• _EXERCISE OBJECTIVE_
Repeat exactly the lines of the records below, starting at the line containing "Anjou : Vignoble angevin" and ending at the line containing "Breeding And Reproduction". Leave the pictures out.

** Opening SOURCE MATERIAL block **

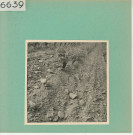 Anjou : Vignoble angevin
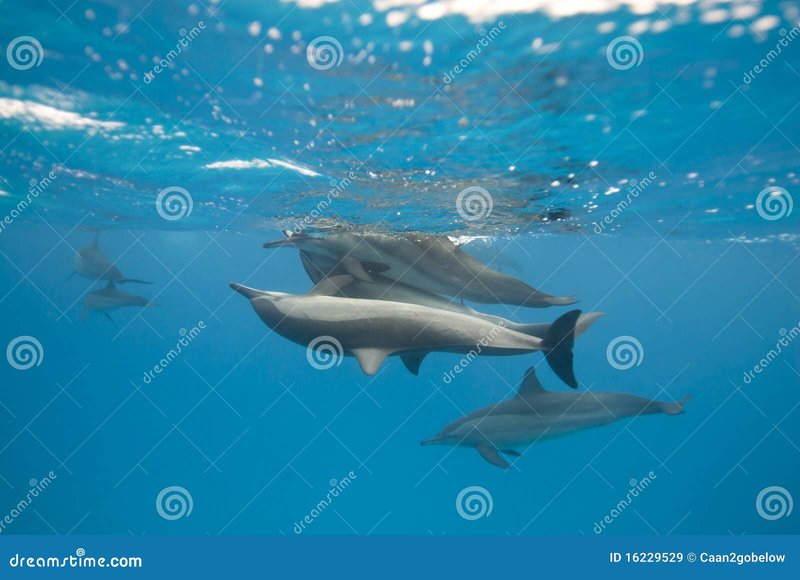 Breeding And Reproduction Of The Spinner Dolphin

** Closing SOURCE MATERIAL block **
** Opening SOURCE MATERIAL block **

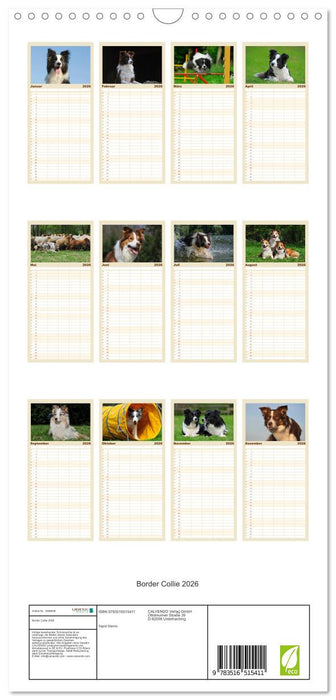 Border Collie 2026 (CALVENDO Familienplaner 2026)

** Closing SOURCE MATERIAL block **

• _WRITTEN RESPONSE_
 Anjou : Vignoble angevin
 Breeding And Reproduction Of The Spinner Dolphin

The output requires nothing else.